Proper Jekyll Front Matter

Here’s the YAML front matter for this post:

---
layout: post
title : "Switching to Jekyll"
date: 2017-08-16 21:13:50 -0400
comments: true
---

You can also have tags but I forget that exact syntax right now. I think it’d be like this: tags: [Jekyll, blogging]

Note that when I transitioned from Hugo to Jekyll I had to change the front matter of all of my existing posts. This wasn’t terrible thanks to Vim macros.

How to Preview Your Jekyll Site

bundle exec jekyll serve

How to Create a New Post for Your Jekyll Site

At this point I’m just creating a new Markdown file in the _posts and copying the correct front matter over from my most recent post.
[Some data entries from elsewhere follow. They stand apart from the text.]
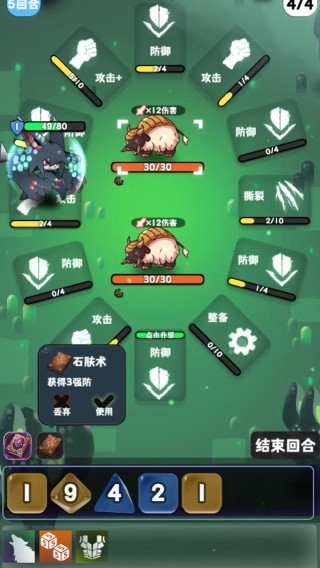巫女轮转手游最新版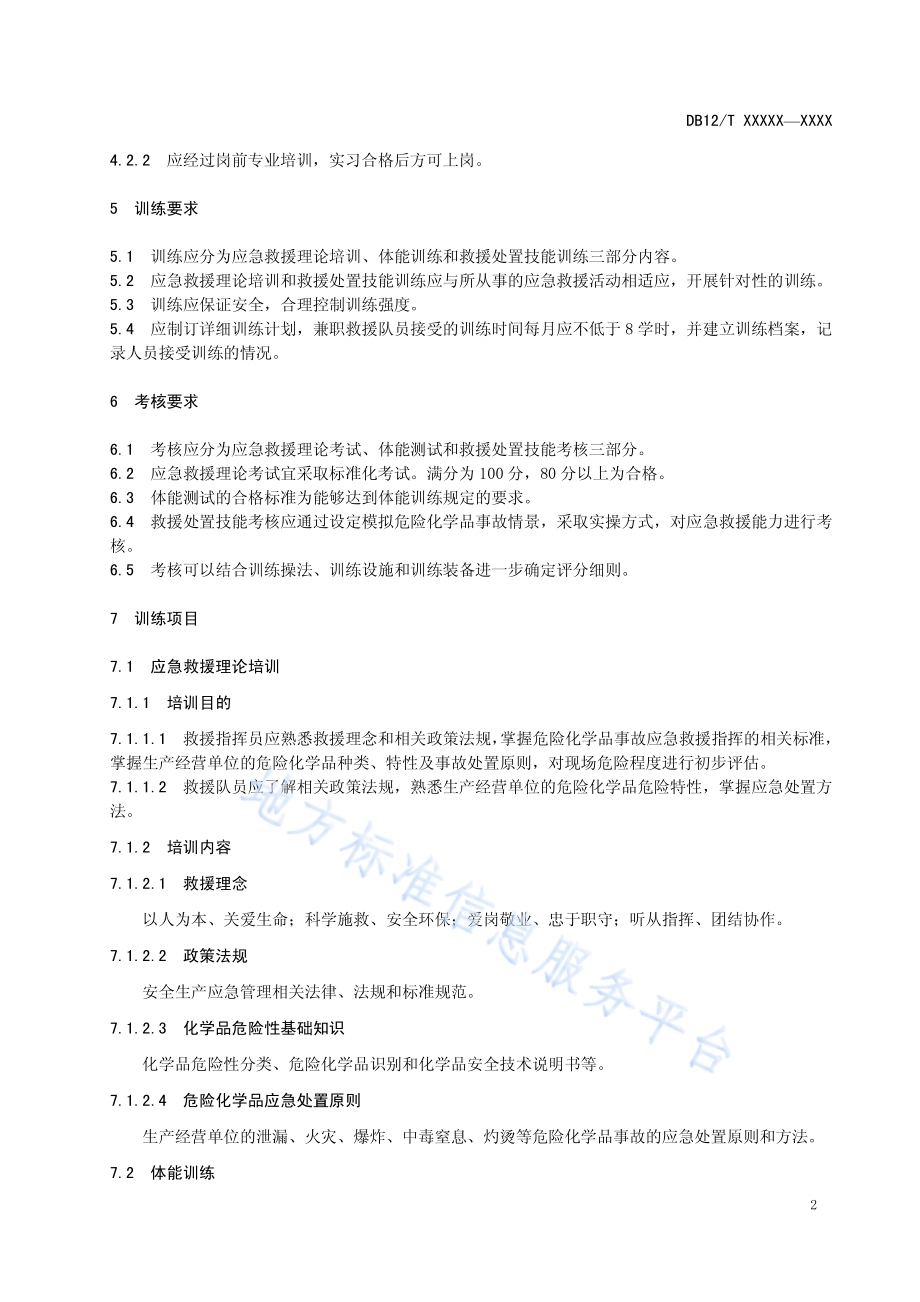 危险化学品应急救援队训练及考核要求DB12／T 626-2016.pdf_第4页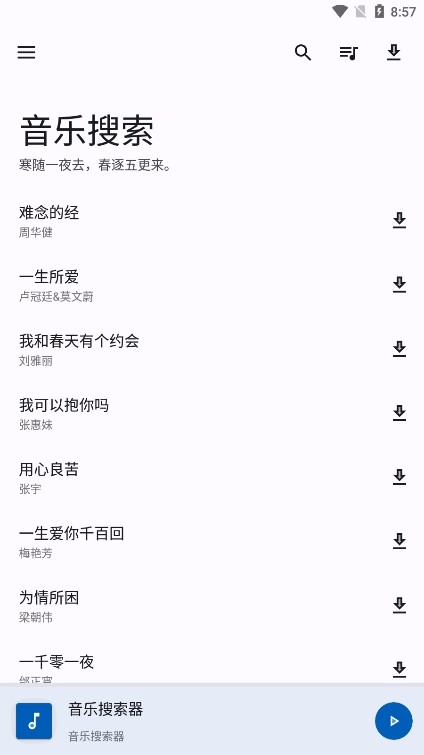 音乐搜索无广版安卓下载免费版 搜索结果列表与音质选择界面展示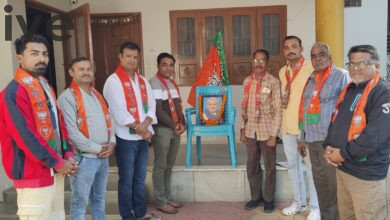 IMG 20251226 WA0004 2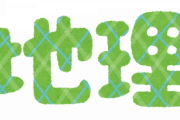 【悲報】学校の授業で1番つまらないやつ、「地理」に決まるwwwwwwwww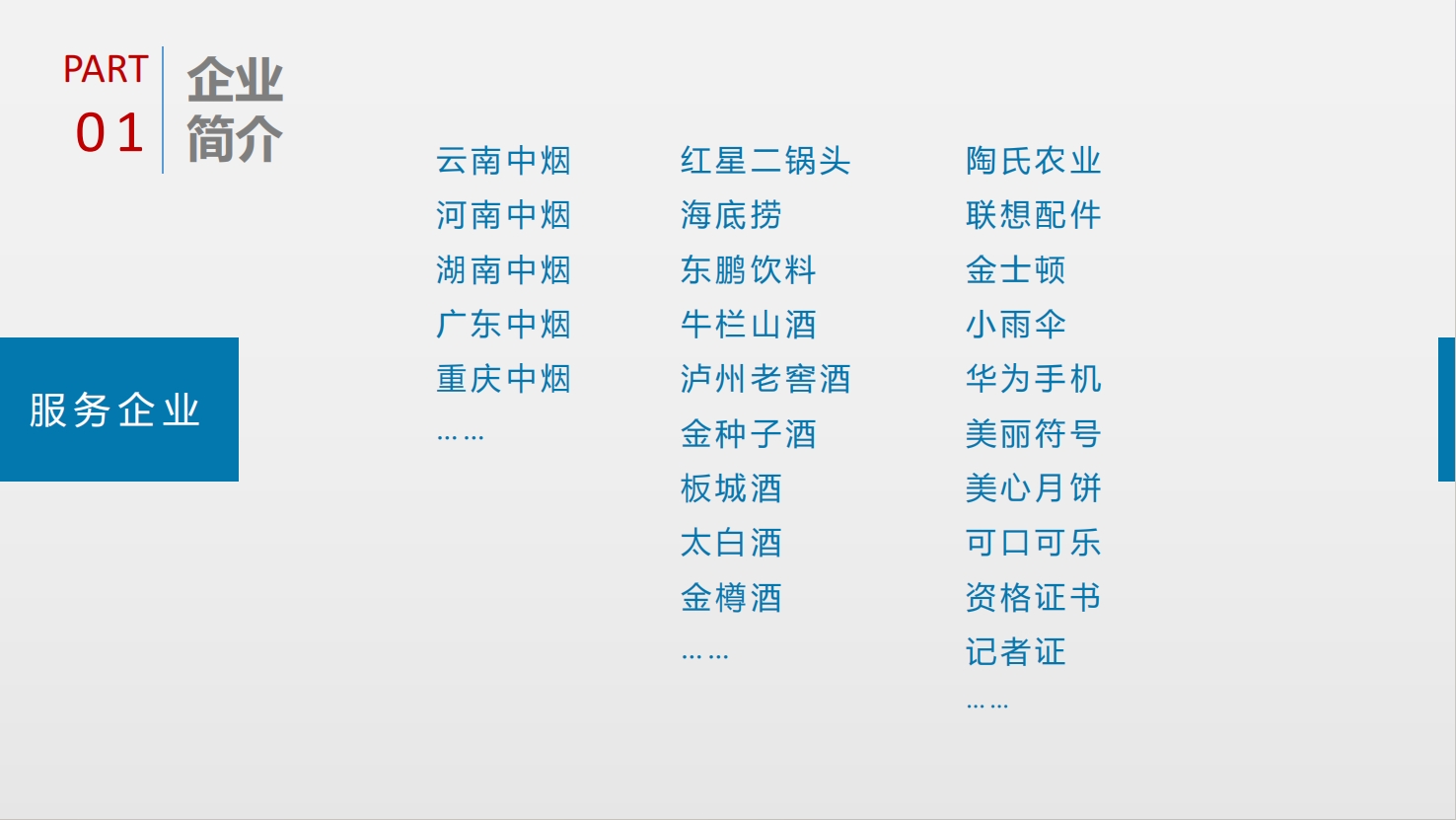 https://b2b-material.cdn.bcebos.com/BbiZ80Ar3T2w9j-Zn2L5zxADB4U.png?w=1476&h=831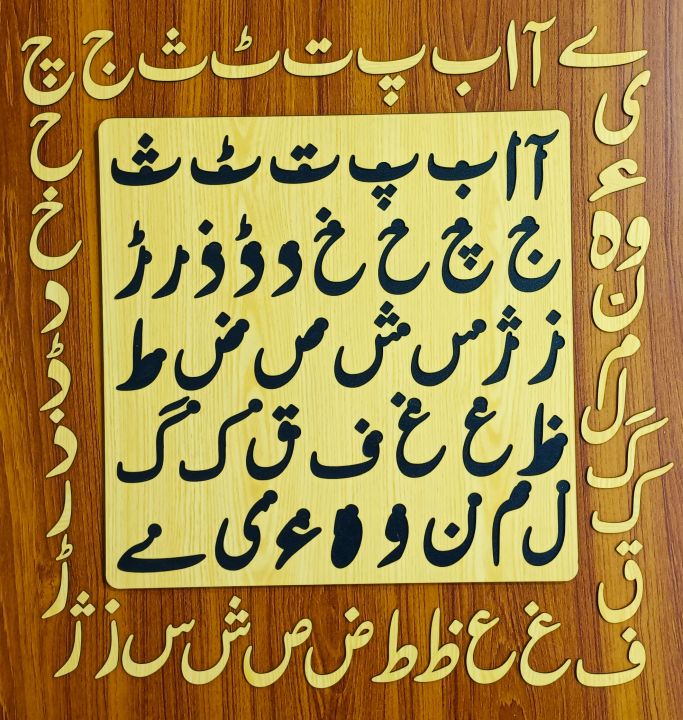 Haroof%20e%20Tahaji%20Wooden%20%20Board%20Wooden%20Urdu%20Haroof%20e%20Tahaji%20%20Board%20for%20Kids%20-%20Image%204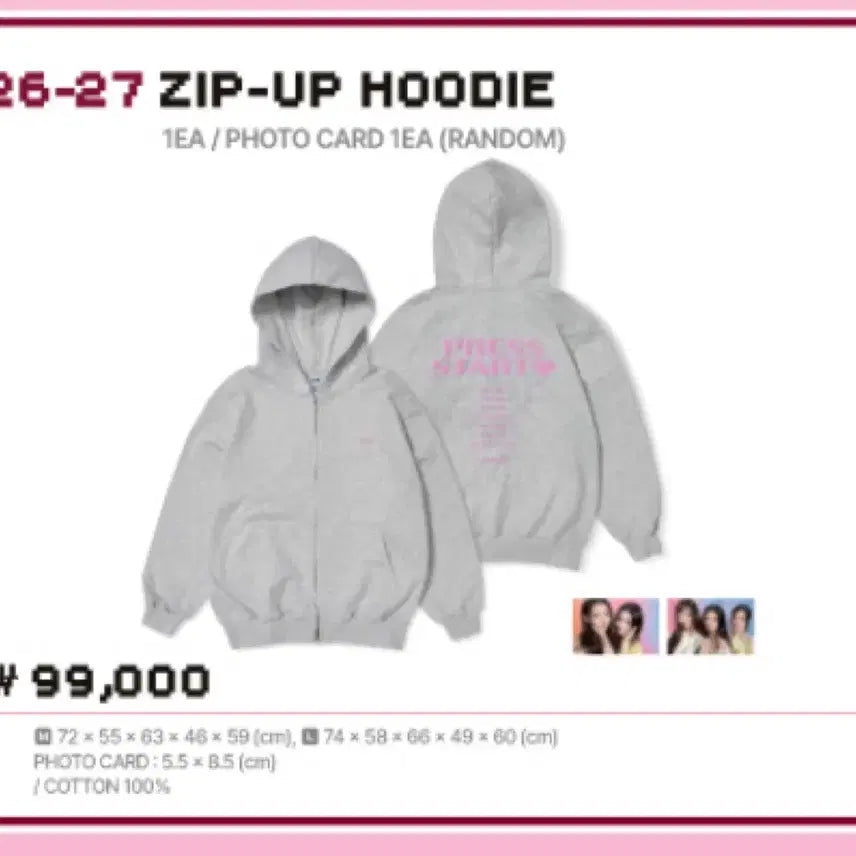 [SOLD OUT] 아일릿 프레스스타트 후드집업 L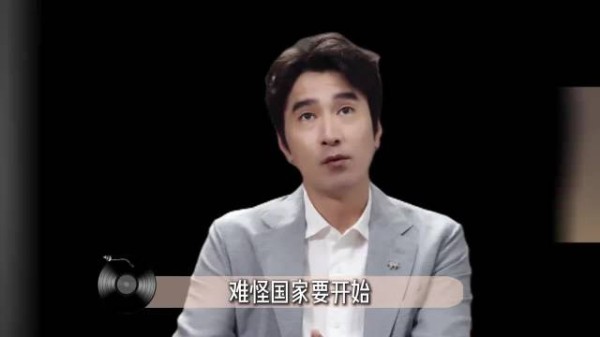 收入上百万已经很高了,一般打工人要20年不吃不喝才能挣到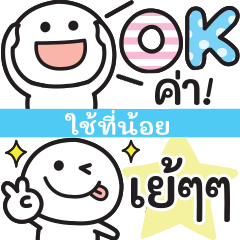 Sticker I tend to use (Space saving)thai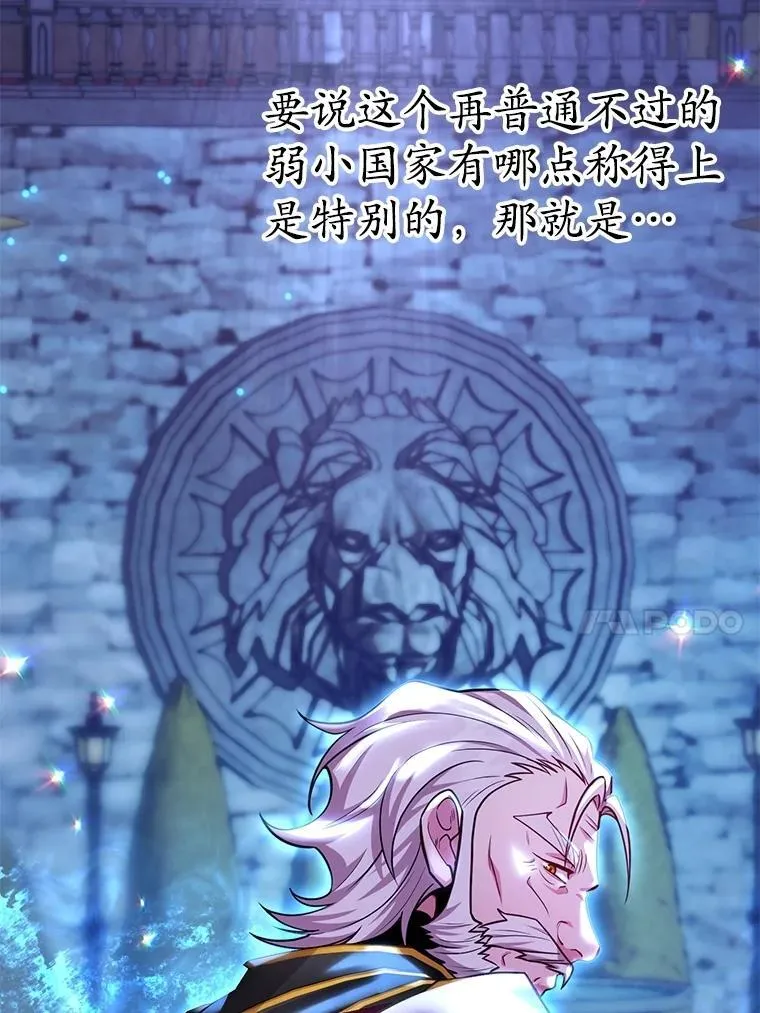 59.老将军13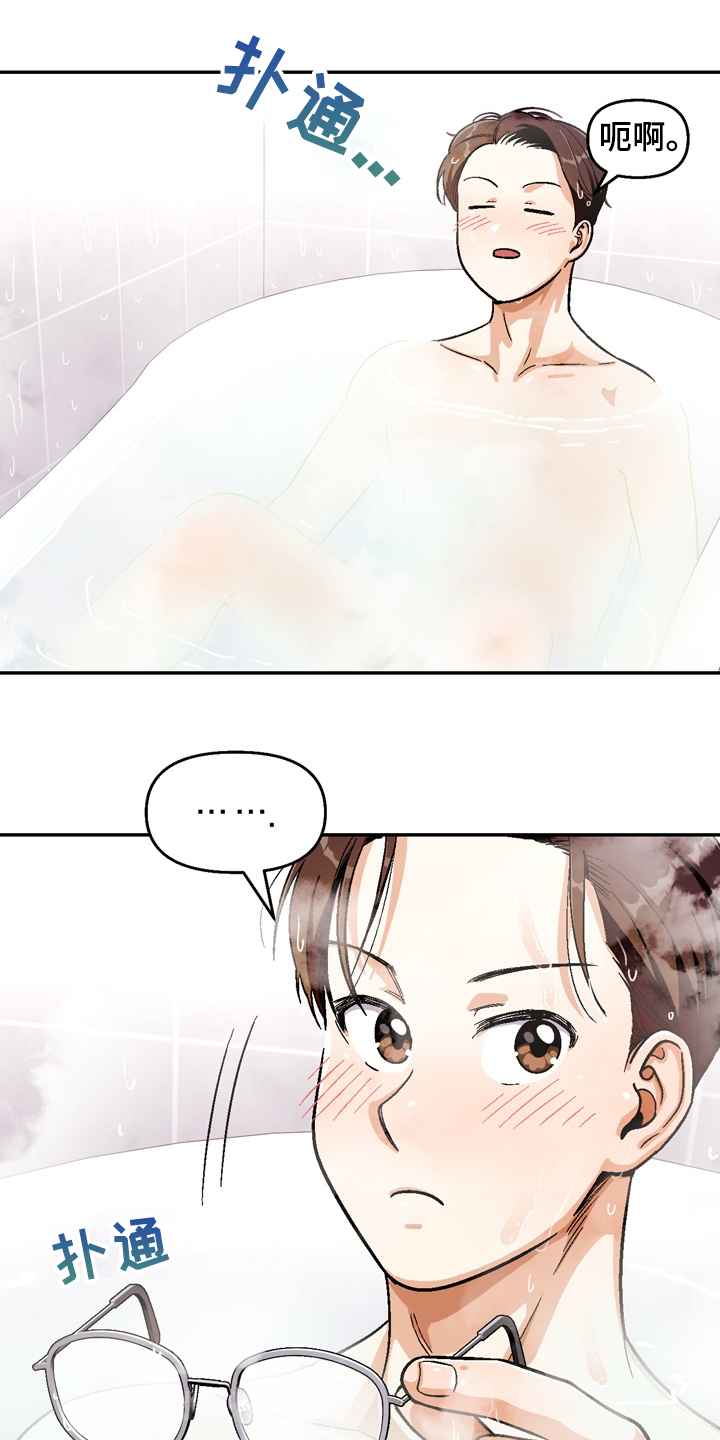 第146章：【第二季】很可爱2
Note that it’s crucial that you name the file like so:

YYY-MM-DD-my-blog-post-title.markdown

I think the .md filename gave Jekyll trouble, or maybe it was .mdown.

How to Publish Changes to Your Jekyll Site

First, be sure you’re in your Jekyll site’s directory (for me sts10.github.io/). And then run:

bundle exec jekyll build
git add .
git commit -m "update"
git push origin master

In a minute or two your site should be updated.

Adding Disqus Comments to Your Jekyll Site

If you’re using Jekyll’s default theme, Minima, adding Disqus comments to your Jekyll site is pretty simple. In _config.yml, add the following two lines:

disqus: 
  shortname: <your-disqus-shortname>

From the Minima README: “You can find out more about Disqus’ shortnames here.” (I didn’t know what mine was off the top of my head.) Also: “If you don’t want to display comments for a particular post you can disable them by adding comments: false to that post’s YAML Front Matter.”

Downsides to the Switch

The only downsides for me so far have been:

  1. I stuck with the default theme because I don’t really care about that sort of thing these days, but it doesn’t seem like there are a ton of theme options (which surprises me). Also, the themes are installed as Ruby gems, so the layout files are not contained in your Jekyll directory but elsewhere, wherever your Ruby gems get installed.
  2. All my blog post permaURLs changed, such that all the old ones I made with Hugo over the last few months are dead.
  3. The workflow to create a new post is a little lo-fi for me, but I could definitely write a bash script to do it for me.